Activities of the Expert Team on Marine Climatology (ETMC)
The Terms of Reference of the Expert Team on Marine Climatology (ETMC) are provided here.
The ETMC is involved in the following activities:
- The Marine Climatological Summaries Scheme (MCSS)
- The review and modernization of the MCSS, which will eventually become obsolete.
- The Development of the Marine Climate Data System (MCDS)
The MCSS, established by WMO in 1964 (see video on the celebration of the MCSS 50th Anniversary on the occasion of CLIMAR-4 here), has as its primary objective the international exchange, quality control and archival of delayed mode marine climatological data, in support of global climate studies and the provision of a range on marine climatological services. Eight countries are designated to process the data and regularly publish the climatological summaries. Two Global Data Collecting Centres (GCC) were established in 1993 in Germany and the United Kingdom to facilitate and enhance the flow and quality control of the data. All data are eventually archived in the appropriate World Data Centres, such as the National Climatic Data Center (NCDC).

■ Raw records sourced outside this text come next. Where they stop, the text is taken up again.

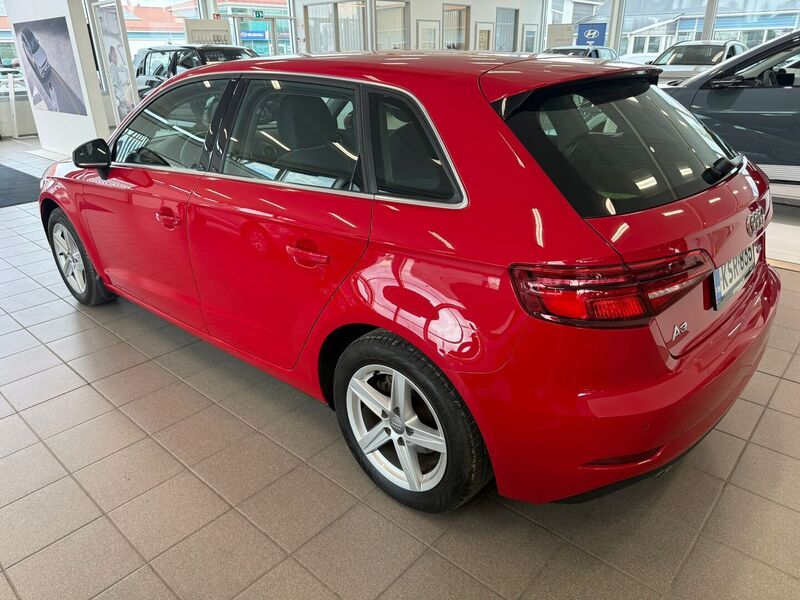 Audi A3 vaihtoauto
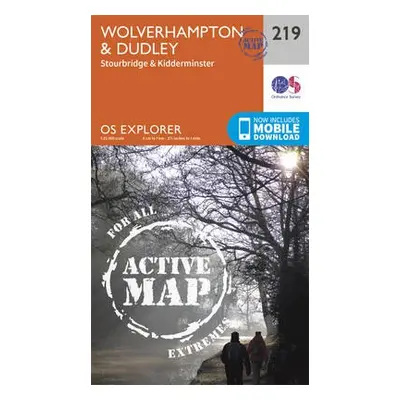 Wolverhampton and Dudley, Stourbridge and Kidderminster - Ordnance Survey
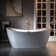 Single Handle Floor Mounted Freestanding Tub Faucet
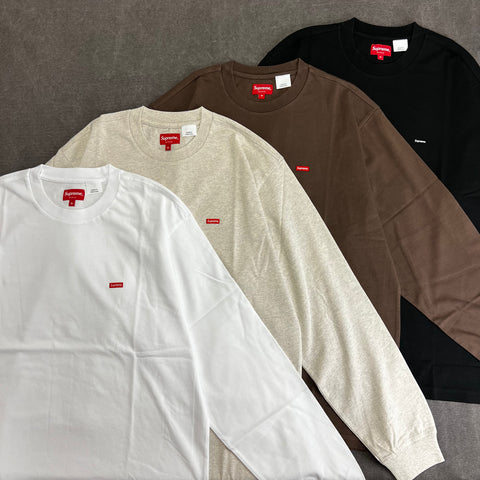 SUPREME SMALL BOX L/S TEE SS23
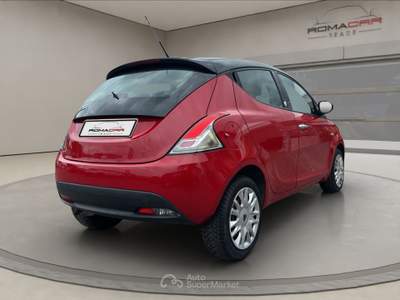 Lancia Ypsilon Lancia ypsilon gold gpl – tetto nero Rosso usata Roma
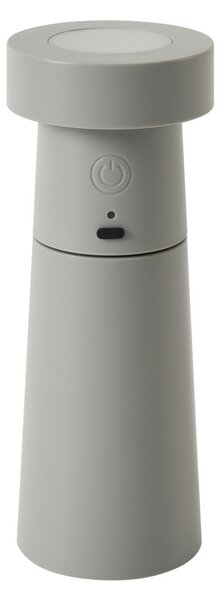 Stolové Lampa Lucande, Salt, Sivá, Jedáleň, Plast, Moderný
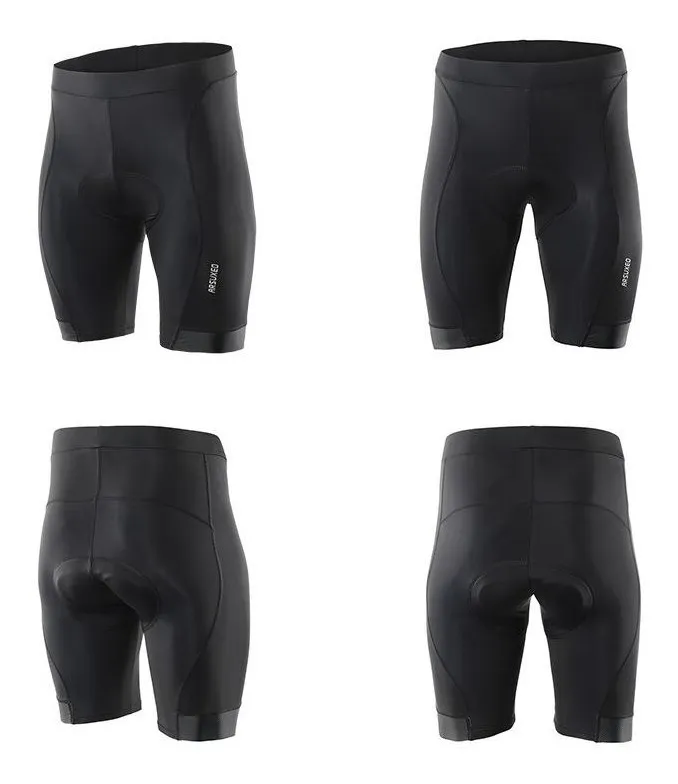 Calza Ciclismo Arsuxeo Original Con Badana Gel Corta Talles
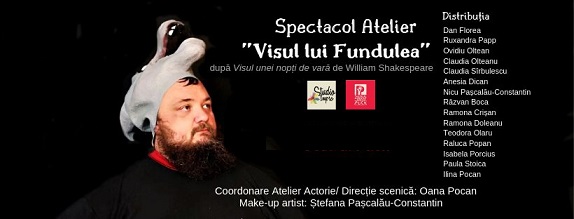 30.06 Spectacol Atelier: Visul lui Fundulea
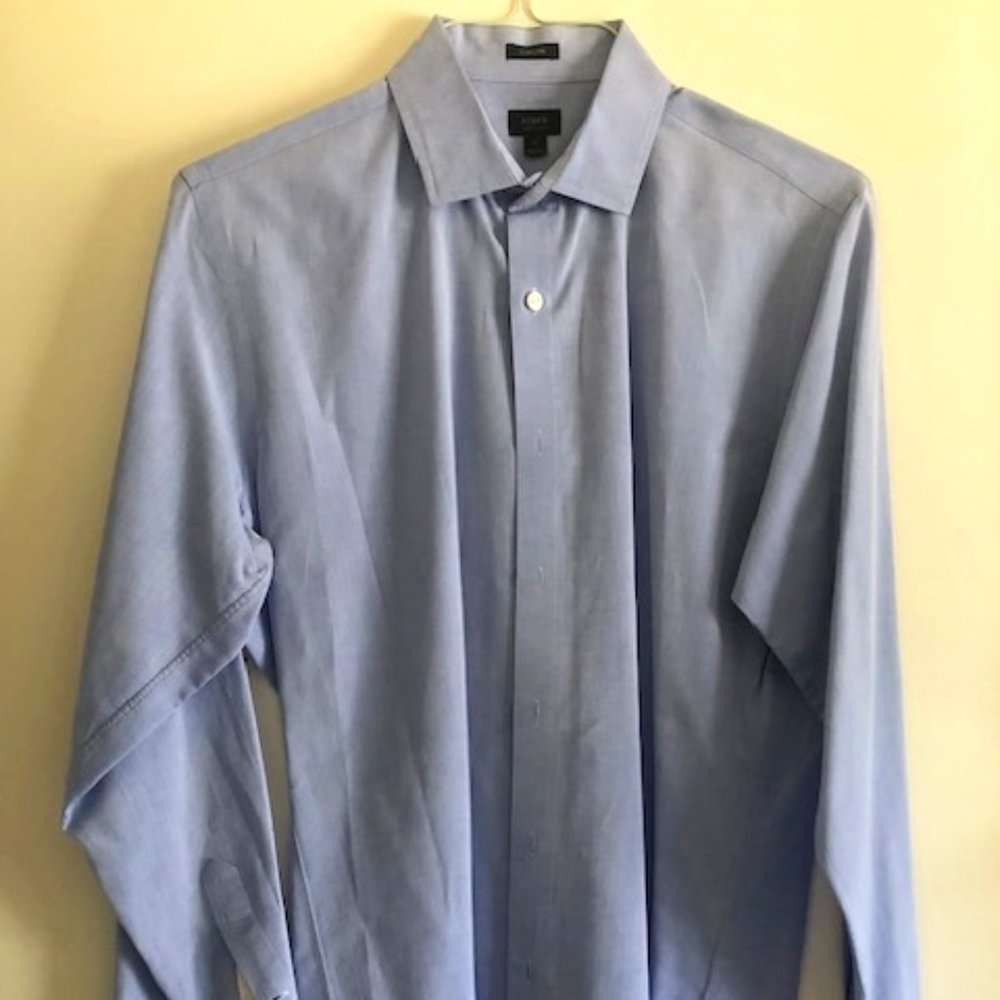 J Crew Ludlow Cotton Button Down Shirt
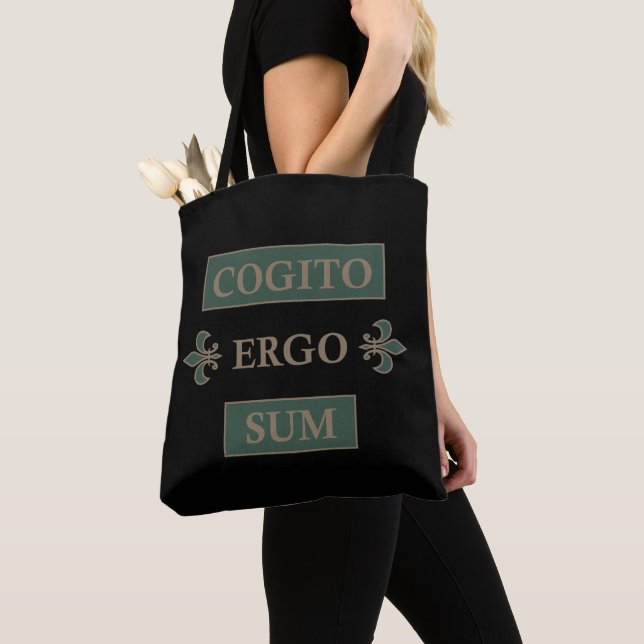Tote Bag Cogito (De près)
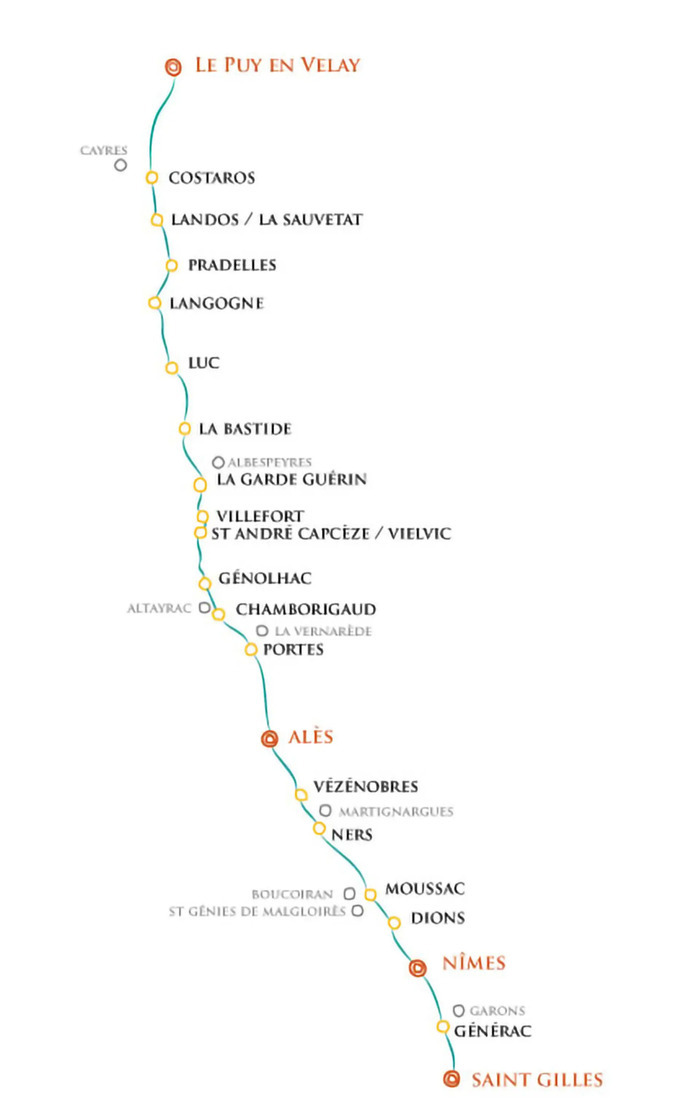 Conférence : « Le chemin de Régordane, une route à péage au Moyen Âge », Pôle Culturel et Scientifique de Rochebelle – Auditorium, Alès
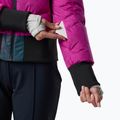 Kurtka narciarska damska Rossignol Snowblaze Down Bomber electric fuchsia 8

- International Marine Meteorological Tape - IMMT-5 (see also IMMT-4 format, and IMMT-3 format)
- Minimum Quality Control Standard - MQCS-7 (see also MQCS-6 , and MQCS-5)
- Minimum Quality Control software (version 5)
- Data Flow Diagram (from DWD)
- GCC Annual reports
- Preservation of marine data, and past publications
Historical Data can be requested from the International Comprehensive Ocean-Atmosphere Data Set (ICOADS). More details on ICOADS and how to access the data on its web site are available at http://icoads.noaa.gov/products.html.
JCOMM and its Data Management Coordination Group recommended a review and restructuring of the MCSS and requested the ETMC-in liaison with the JCOMM Expert Team on Wind Waves and Storm Surges (ETWS), the Expert Team on Sea Ice (ETSI), the WMO Commission for Climatology (CCl), and the joint CCl/CLIVAR/JCOMM Expert Team on Climate Change Detection and Indices (ETCCDI)-to explore how oceanographic and ice climatologies could be coordinated with the marine meteorological data, so that the results could be viewed as an integrated product.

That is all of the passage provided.